“IT’S STANDARD PROCEDURE. She’s from a third-world country.”
My partner was told this when he called to file a complaint about what happened to me.
After three years in Japan’s JET Program, and a lifetime of pining to see the world, I had enough money saved up to live my dream. I decided to start in Europe, where my partner lives. I submitted the detailed financial records, travel insurance certificate, letter of invitation, letter of intent, and other documents required for a Schengen visa. I got the visa and was ecstatic. I based myself in Helsinki to explore the continent.
And then this happened. I was returning to Finland from a one-day ferry excursion to St. Petersburg. The trip was great; the immigration checkpoints, not so much. But I’m used to that. Immigration officials have an astounding lack of geographical knowledge, in my experience. Some have questioned whether a country called Trinidad and Tobago — where I’m from — actually exists. An officer once pulled out his smartphone and Googled it to make sure.

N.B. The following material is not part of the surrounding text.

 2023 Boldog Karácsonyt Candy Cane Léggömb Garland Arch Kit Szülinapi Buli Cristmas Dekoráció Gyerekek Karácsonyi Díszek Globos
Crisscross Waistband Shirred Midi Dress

There are the myriad personal questions that usually ensure I’m the last person in line to clear immigration. Still, the ache of muscles required for fake-smiling, while I feel my dignity being slowly eroded, is a small price to pay to sate my inconvenient urge to walk the earth. These are all people following guidelines, having good and bad days, and doing their jobs. This I understand.
Europe, however, and Finland in particular, has introduced a whole other level of unconcealed contempt. Every time I enter, I have to walk with a portfolio of documents and convince someone I’m just a regular traveler, I have enough money to support myself, I don’t engage in sex work, and I won’t try to live here illegally. My friends, who possess more fortunate nationalities, breeze through and wait for me at customs. I have come to be used to this too. I chose this.

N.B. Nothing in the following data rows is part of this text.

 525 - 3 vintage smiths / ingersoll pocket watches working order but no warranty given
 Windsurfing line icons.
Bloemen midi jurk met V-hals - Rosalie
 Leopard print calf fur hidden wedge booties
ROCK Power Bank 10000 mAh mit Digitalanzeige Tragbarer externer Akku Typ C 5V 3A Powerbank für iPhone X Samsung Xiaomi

But what I went through on my return from St. Petersburg I can’t get used to. After taking longer than usual with my passport, the immigration officer called another to come and take a look. I was questioned in turn by both of them. Then those awful words:
“Please come this way.”
I broke down. I asked why. People stared. They took me into a back room and sent a woman in to deal with me. I requested a phone call to let someone know I was being detained. I was denied. I couldn’t stop sobbing. “Cut the bullshit,” she said. I wasn’t told why I was being detained. She kept asking me vague questions about my life. Made me write down information about my partner. My hands were shaking. The more I asked why they were doing this, the louder she got. When I asked again if I could make a phone call, she responded, “Look, we can do this the easy way or the hard way. Which do you want?”

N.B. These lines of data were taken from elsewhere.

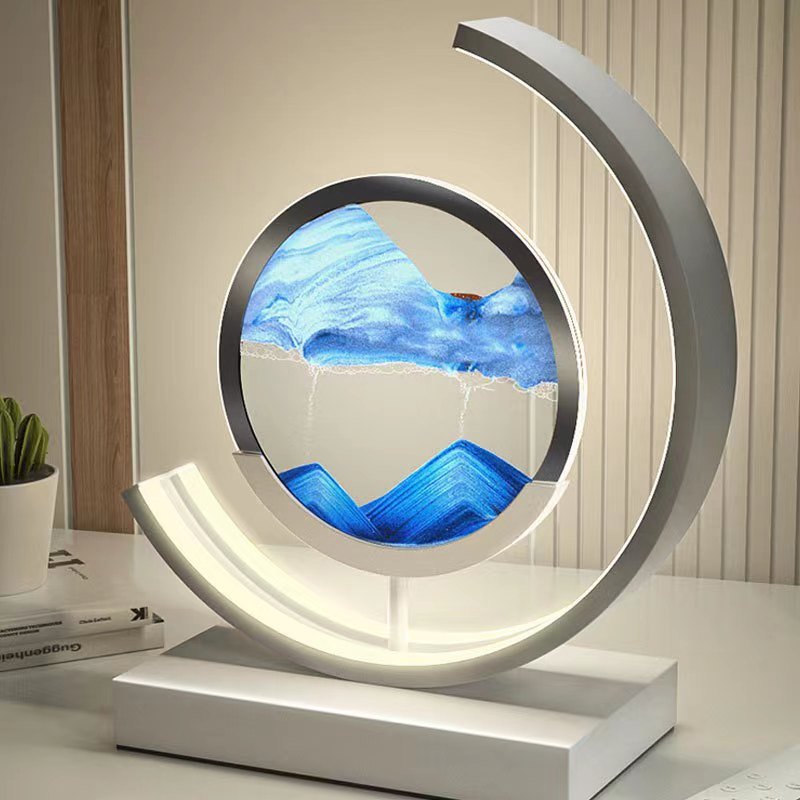 Deko LED Tischlampe | Moderne Designer Lampe | Sandbild zum Drehen | SandScape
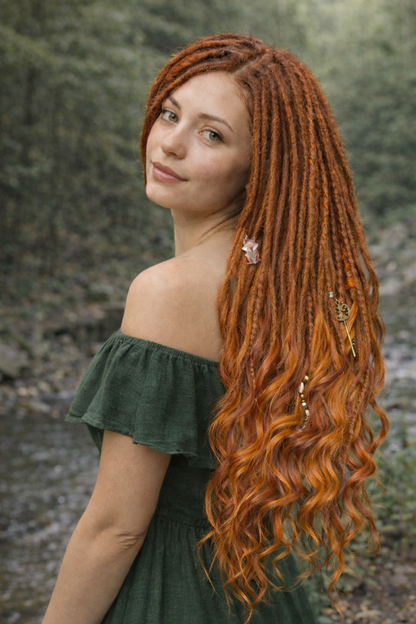 Kupfer-Auburn Boho Fake Dreads mit bürstbaren Locken – weiche synthetische Dreads, kein Orange
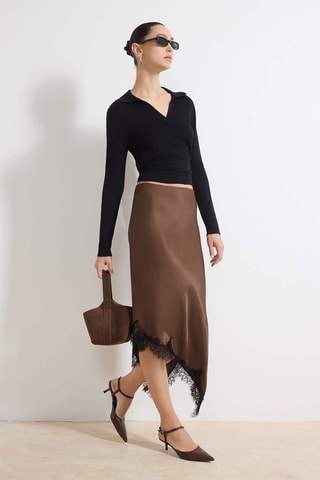 Falda midi - Marrón oscuro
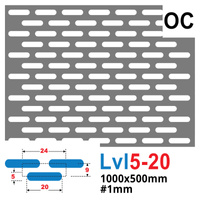 Blacha perforowana OCYNK fasolka LVL 5-20 1000 x 500 mm GR. 1 mm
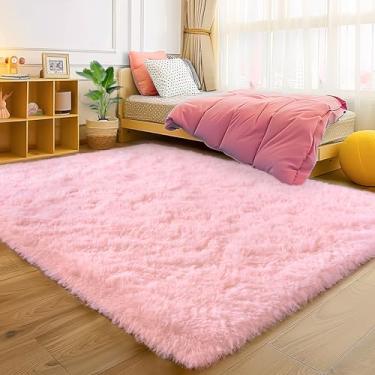 Imagem de Tapetes rosa para quarto de meninas, tapete fofo de 10 x 15 cm para sala de estar, tapete felpudo macio para quarto de crianças, tapete felpudo felpudo para ambientes internos, decoração de casa fofa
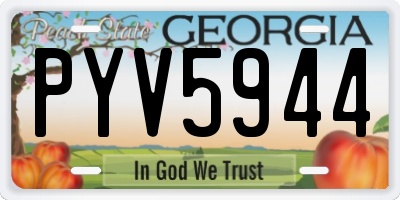 GA license plate PYV5944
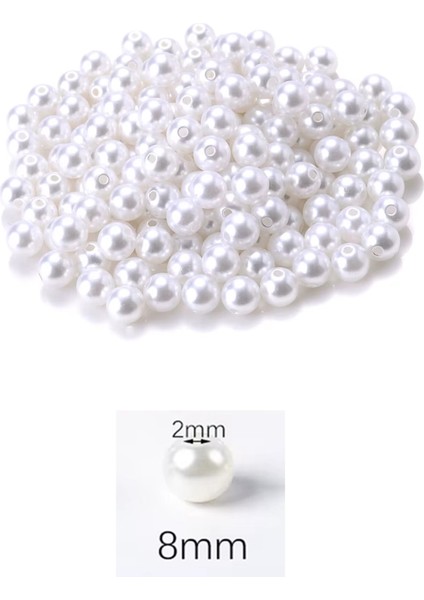 250 Gram 8mm Beyaz Renk Plastik Inci Boncuk Çanta ve Takı Yapım Boncuğu (~800 Adet) fiyatları
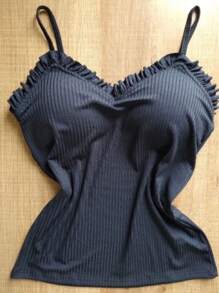 Cailin Store Women's Tank Top With Straps, Ruffles, Ribbed, With Padded Basics, Various Fashion, Super Shipping!! - Màu Đỏ Sâu - Xem 4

That’s when I knew I was helpless. I stopped asking questions and did everything she asked. I stopped crying and stared at the floor. I went into survival mode. I heard her in another room mocking my voice. I heard the others laughing. She took my credit card away for inspection, along with my passport. Her face had the look of someone who desperately wanted to spit.
When she let me out of the room, I didn’t look at her. I wanted to ask for her name but I was scared she would retaliate. I chose freedom instead. Twenty minutes had passed but it seemed like much longer. I wished I could make her feel what it’s like to be so powerless. Perhaps, though, she already knew this feeling in some way, and was exorcising it by inflicting the same on others. When I tried to exit the ferry terminal, I got detained yet again by customs. I had my passport seized. I was too numb to feel anything and answered their questions mechanically. They let me go eventually.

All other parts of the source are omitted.